The migration from the legacy power grid to the smart grid is one of today's most challenging tasks, and will take place over the next couple of decades and beyond. This transition will involve all aspects of the legacy power grid's systems, and will also have to account for the introduction of new technologies and new players in the emerging smart grid. This will all have to be managed while ensuring that the legacy power grid maintains a robust energy supply service to end users without compromising reliability, safety and integrity in power delivery.

Thus, the interconnectivity and interoperability of many heterogeneous systems and subsystems is a major area of concern.

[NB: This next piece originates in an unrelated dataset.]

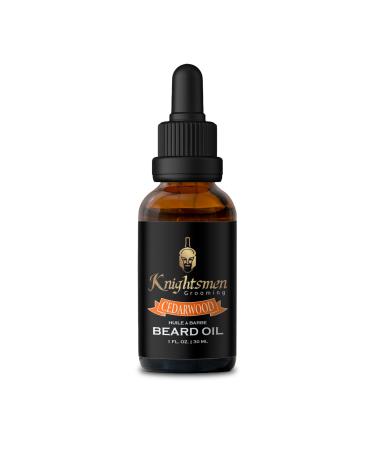 Men's Cedarwood Beard Oil Made in Canada featuring Cedarwood Oil Coconut Oil Argan Oil Jojoba Oil Castor Oil Grapeseed Oil + Vitamin E.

Furthermore, building energy management systems to manage the complex smart grid is another challenge posed to the stakeholders.

Delivering Interconnectivity and Interoperability

The DoE recognized the need for smart grid interoperability standards in order to successfully deliver interconnectivity and interoperability. DoE requested NIST to lead and coordinate standards development for the smart grid. NIST has been granted primary responsibility to coordinate development of a framework that includes protocols and model standards for information management to achieve interoperability of smart grid devices and systems.

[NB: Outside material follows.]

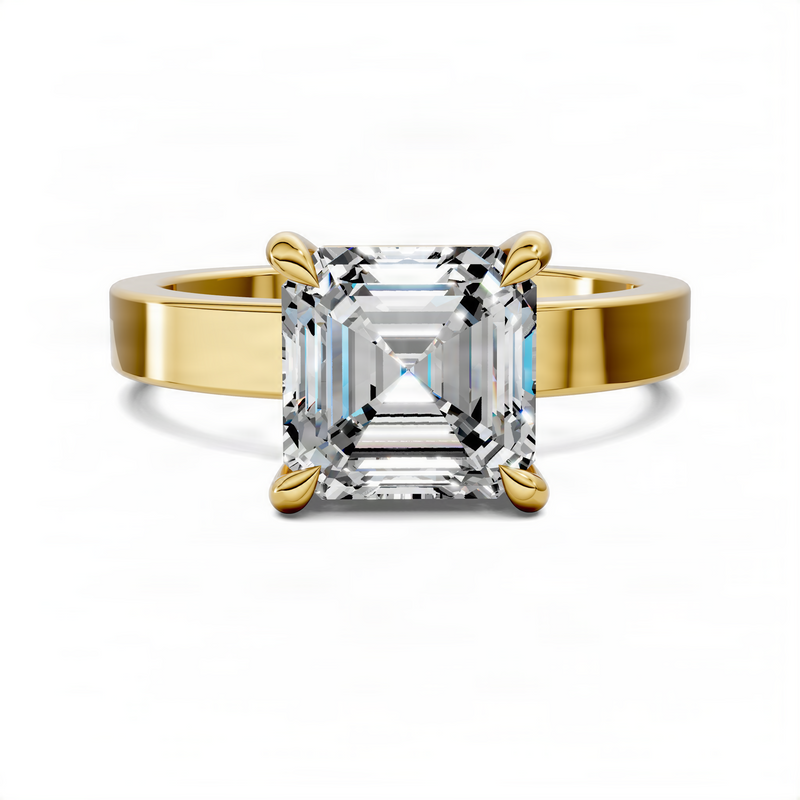 Opes Asscher Bold Solitaire Ring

The two key standardization areas of the smart grid are interoperability and cybersecurity. In 2009, NIST announced a three-phase plan to define the smart grid road map and frameworks and to achieve smart grid interoperability and cybersecurity standardization. This plan includes full collaboration and involvement of the power industry stakeholders and the domestic and international standards developing organizations, such as IEEE, NEMA, GWAC, ISO, IEC and ITU-T[1]. NIST also formed the SGIP, which will leverage existing standards, or develop standards where there are gaps for the emerging smart grid.

In response to NIST smart grid standardization activities, IEEE formed a smart grid interoperability standards guideline entity called P2030. P2030 consists of three task forces: TF 1 – Power Systems; TF 2 – Information Technology; and TF 3 – Communications Technology. The participants in P2030 are from an extremely diverse mix of industrial, academic and regulatory organizations. The TFs will define standard development guidelines to be used by the SGIP and other smart grid-related standards-developing organizations.

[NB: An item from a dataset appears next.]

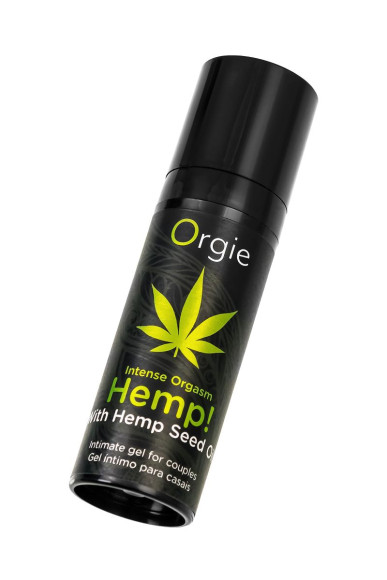 Возбуждающий интимный гель для пар Orgie Hemp Intense Orgasm - 15 мл. Возбуждающий интимный гель для пар Orgie Hemp Intense Orgasm - 15 мл.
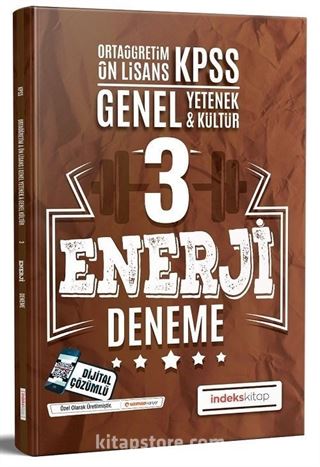 2020 KPSS Lise Ortaöğretim Ön Lisans GYGK Enerji 3 Deneme Çözümlü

In summary, the smart grid interoperability standards will:

  • Support gradual transition of legacy power grid equipment and systems to the smart grid.
  • Specify compatibility and coexistence requirements of legacy and new technologies.
  • Avoid unnecessary and unwarranted compromise in reliability, safety and integrity during the lengthy transition period to the smart grid.
  • Provide applications and services that were not available in the legacy power grid; e.g., dynamic pricing, bidirectional energy distribution/redistribution.
  • Bring stakeholders together for common interconnectivity and interoperability (physical and data/information) benefiting all stakeholder business sectors, including end users.
  • Form the basis for developing effective, efficient, automated energy management systems that enable more robust, fault tolerant, failure resistant, and self correcting/recovery capabilities.

Raytheon is represented on all three P2030 task forces and on the SGIP. Partnering with industry experts and other organizations, Raytheon is helping to establish smart grid interoperability guidelines and standards early in the development process.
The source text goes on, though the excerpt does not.